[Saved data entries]
**********

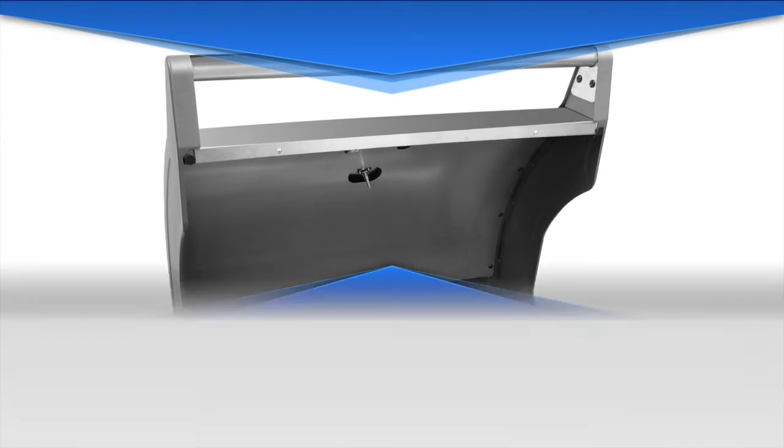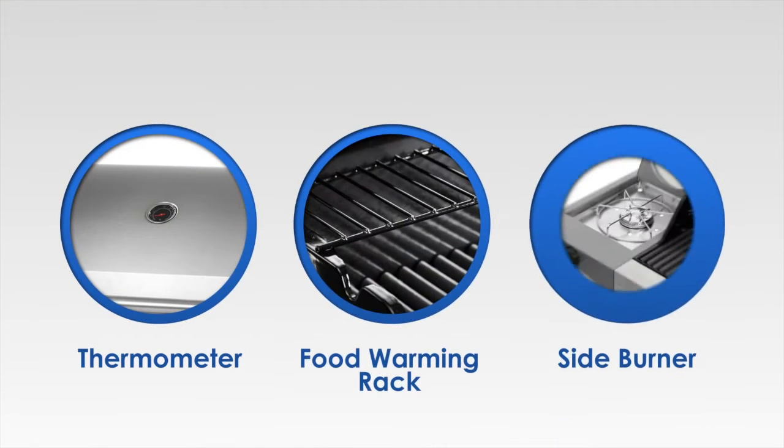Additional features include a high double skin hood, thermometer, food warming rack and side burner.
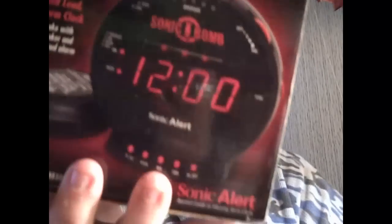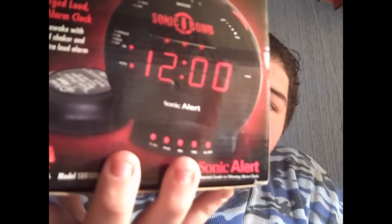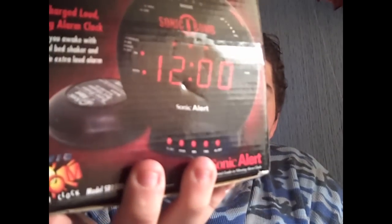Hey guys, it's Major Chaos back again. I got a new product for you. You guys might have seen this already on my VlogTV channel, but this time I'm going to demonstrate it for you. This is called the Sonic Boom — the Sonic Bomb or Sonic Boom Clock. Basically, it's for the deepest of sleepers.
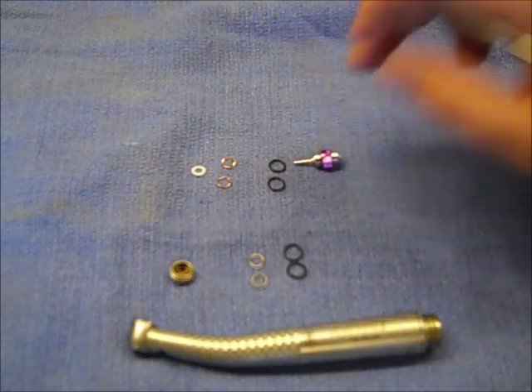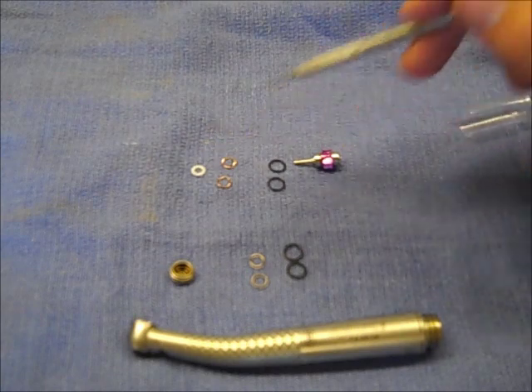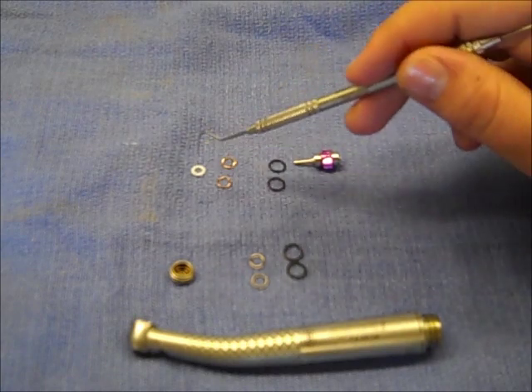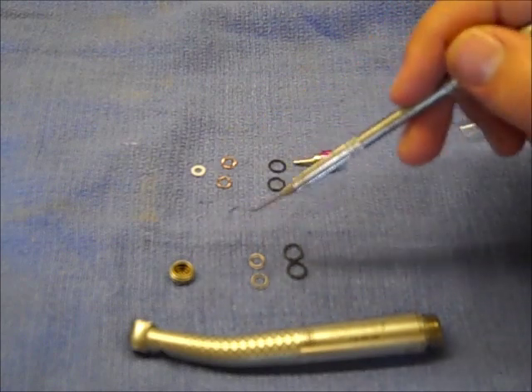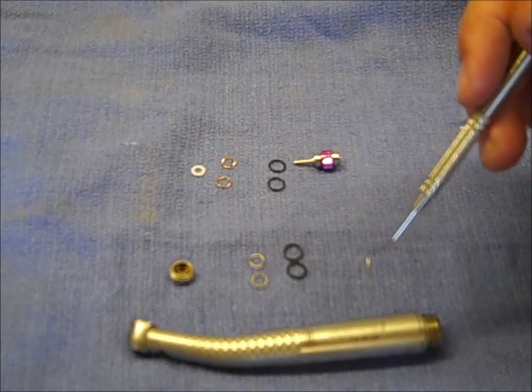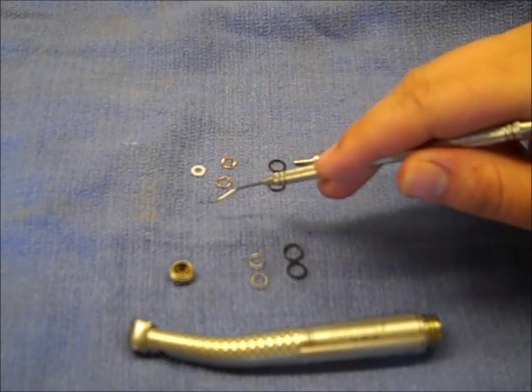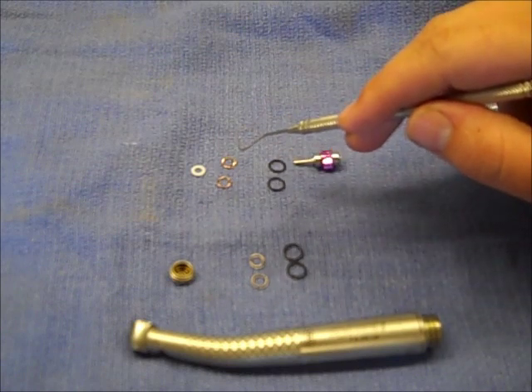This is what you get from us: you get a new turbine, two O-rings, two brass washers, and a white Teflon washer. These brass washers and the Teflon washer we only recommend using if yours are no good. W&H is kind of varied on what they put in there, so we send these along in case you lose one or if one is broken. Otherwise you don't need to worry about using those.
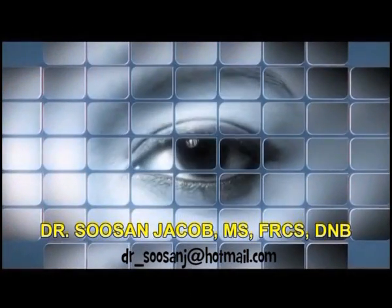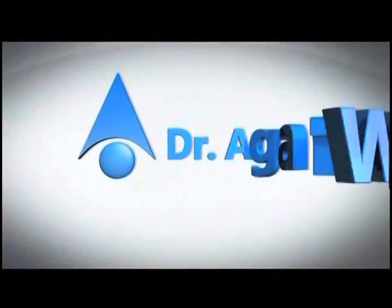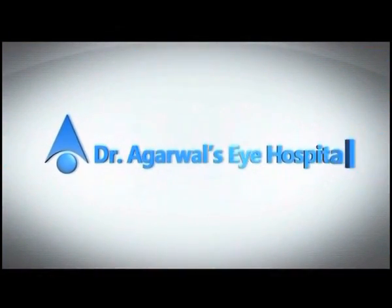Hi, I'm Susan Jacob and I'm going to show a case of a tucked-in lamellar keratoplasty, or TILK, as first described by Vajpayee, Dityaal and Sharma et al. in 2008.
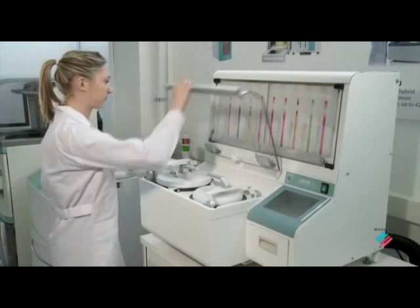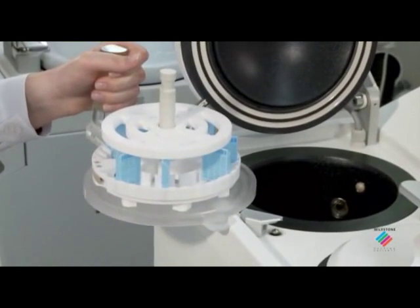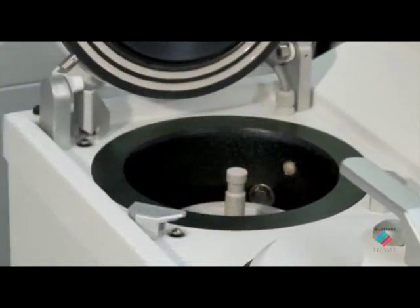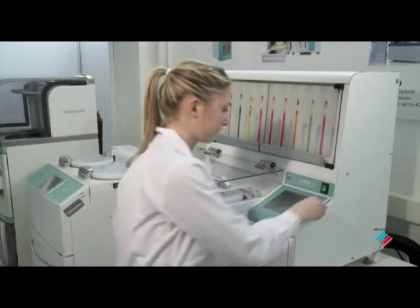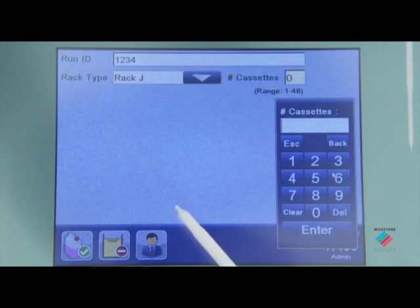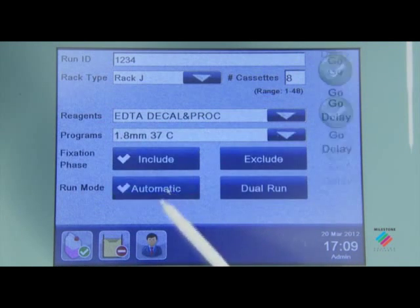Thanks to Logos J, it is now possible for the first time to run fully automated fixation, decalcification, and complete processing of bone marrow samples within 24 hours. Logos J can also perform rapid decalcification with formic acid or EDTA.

**********

*Your assignment:* Word for word, restate all of the data, but do not copy the pictures.

*Exercise result:*
Additional features include a high double skin hood, thermometer, food warming rack and side burner.
Hey guys, it's Major Chaos back again. I got a new product for you. You guys might have seen this already on my VlogTV channel, but this time I'm going to demonstrate it for you. This is called the Sonic Boom — the Sonic Bomb or Sonic Boom Clock. Basically, it's for the deepest of sleepers.
This is what you get from us: you get a new turbine, two O-rings, two brass washers, and a white Teflon washer. These brass washers and the Teflon washer we only recommend using if yours are no good. W&H is kind of varied on what they put in there, so we send these along in case you lose one or if one is broken. Otherwise you don't need to worry about using those.
Hi, I'm Susan Jacob and I'm going to show a case of a tucked-in lamellar keratoplasty, or TILK, as first described by Vajpayee, Dityaal and Sharma et al. in 2008.
Thanks to Logos J, it is now possible for the first time to run fully automated fixation, decalcification, and complete processing of bone marrow samples within 24 hours. Logos J can also perform rapid decalcification with formic acid or EDTA.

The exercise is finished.